Das heißt nicht, dass es nicht auch bezahlte Partnerschaften gibt. Finanzielle Kooperationen mit Pressevertretern und Influencern gehören ebenso zum Tagesgeschäft, allerdings nicht im Sinne von vorgefertigter Werbung. Im Mittelpunkt stehen dann interessante und authentische Inhalte, die von den Partnern selbst kreiert werden, um beispielsweise bestimmte Aspekte eines Produktes vorzustellen, Informationen in unterhaltsamer Weise darzubieten oder schlicht Aufmerksamkeit zu erzeugen. Authentizität ist hier der Schlüssel zum Erfolg, denn das „Einkaufen“ von Meinungen ist ein absolutes No-Go und schadet langfristig der Glaubwürdigkeit aller Beteiligten.

Aufgabenspektrum

Nachfolgend seien branchenübergreifend einige der typischsten Aufgaben gelistet, mit denen sich PR-Mitarbeiter täglich konfrontiert sehen:

  • Planen, Organisieren und Betreuen von lang- und kurzfristigen PR-Strategien
  • Kreieren von kreativen Content-Kampagnen mit Medien und Influencern, teilweise auch auf den eigenen Kanälen
  • Veranstalten, Einladungsmanagement sowie Betreuen von lokalen sowie internationalen (Presse-)Events oder Messen
  • tägliches Bereitstehen für Fragen und Wünsche von Pressevertretern und Influencern
  • Bemustern von ausgewählten Journalisten und Influencern mit den eigenen Produkten
  • Verfassen und Versenden von Pressemitteilungen und News-Alerts
  • Organisieren und Betreuen von Interviews
  • Erstellen von Informationsmaterialien und Pflegen des Presse-Servers
  • Erstellen von Reportings, Analysen und Pressespiegeln
  • je nach Größe und Unterteilung des Unternehmens können zusätzlich weitere Bereiche der Verantwortung der PR-Abteilung unterliegen, unter anderem Content-, Social-Media- sowie Community-Management oder Social Responsibility

Videospiel-PR: Von der Ankündigung bis zum Release

Nun soll es speziell um die Öffentlichkeitsarbeit in der Computerspielbranche gehen. Den Launch eines Produktes unterteile ich dabei in verschiedene Phasen, die normalerweise fließend ineinander übergehen oder sogar parallel stattfinden können – bspw. wenn das angekündigte Spiel kurzfristig verschoben wird.
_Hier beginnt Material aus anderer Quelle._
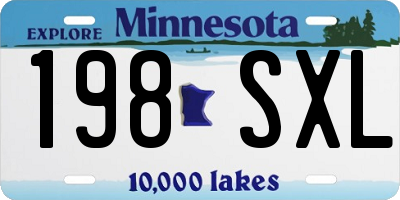 MN license plate 198SXL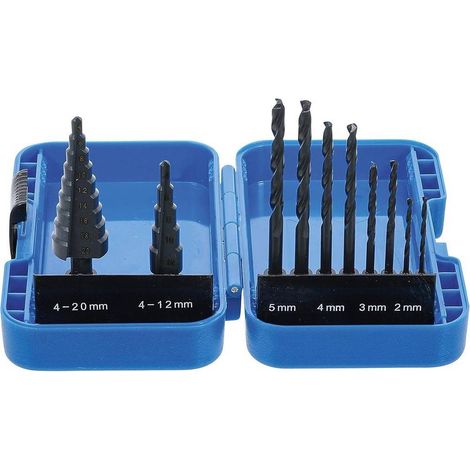 Jeu de Forets Étagés et Hélicoïdaux HSS 10 pcs - 4-12 mm 4-20 mm, 2-5 mm - Précision et Polyvalence - D-Work (1/5)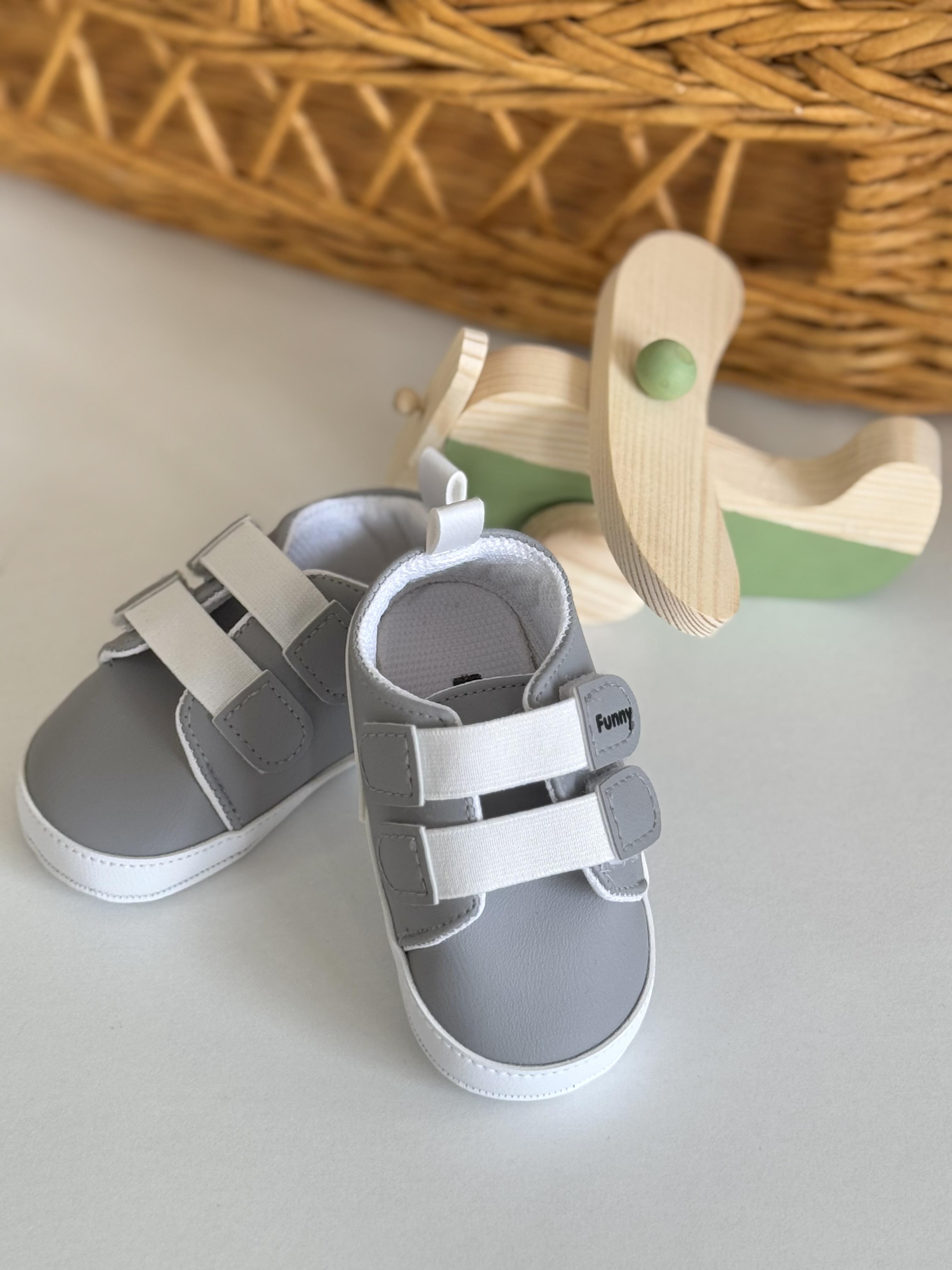 Gri Funny Baby Cırtlı Spor Ayakkabı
Es sei angemerkt, dass die unten stehenden Ausführungen nicht nur für Spiele gelten, sondern auch für Services wie PlayStation Plus und PlayStation Now, für neue Hardware und Peripherie (z. B. neue Controller-Farben) oder auch Anlässe wie Geburtstage, Events oder Sales.

1. Die Ankündigung

Der Ankündigung eines Spieles gehen in der Regel allerlei strategische Überlegungen voraus: Wann ist der beste Zeitpunkt, um ein möglichst breites Publikum zu erreichen? In welchem Stadium befindet sich das Spiel zum Zeitpunkt der Ankündigung? Wie viel soll und kann gezeigt werden? Wie weit im Voraus zur geschätzten Veröffentlichung soll die Ankündigung erfolgen? Wie wird das Spiel angekündigt?

Für den Zeitpunkt der Ankündigung gibt es keine allgemeingültige Formel, da zu viele Faktoren zu berücksichtigen sind. Handelt es sich bei dem Spiel um einen (erwarteten) Nachfolger? Gibt es starke Konkurrenz, die gekontert werden muss oder der zuvorzukommen ist? Wie lange ist es her, dass der Entwickler bzw. Publisher einen Hit veröffentlicht hat? Wie steht es um den aktuellen Börsenwert? Welche Stakeholder müssen zufriedengestellt werden? Wann ist die Deadline, um noch möglichst viele Abverkäufe in den Handel zu ermöglichen? Besteht eine Zusammenarbeit mit anderen Marken oder Berühmtheiten, die zeitlich koordiniert werden muss? Abhängig von all diesen Fragen kann es sich lohnen, ein Spiel früher anzukündigen, selbst wenn es noch kein Gameplay zu zeigen gibt, oder etwas länger zu warten, bis die Bombe mit spektakulären Eindrücken platzen kann.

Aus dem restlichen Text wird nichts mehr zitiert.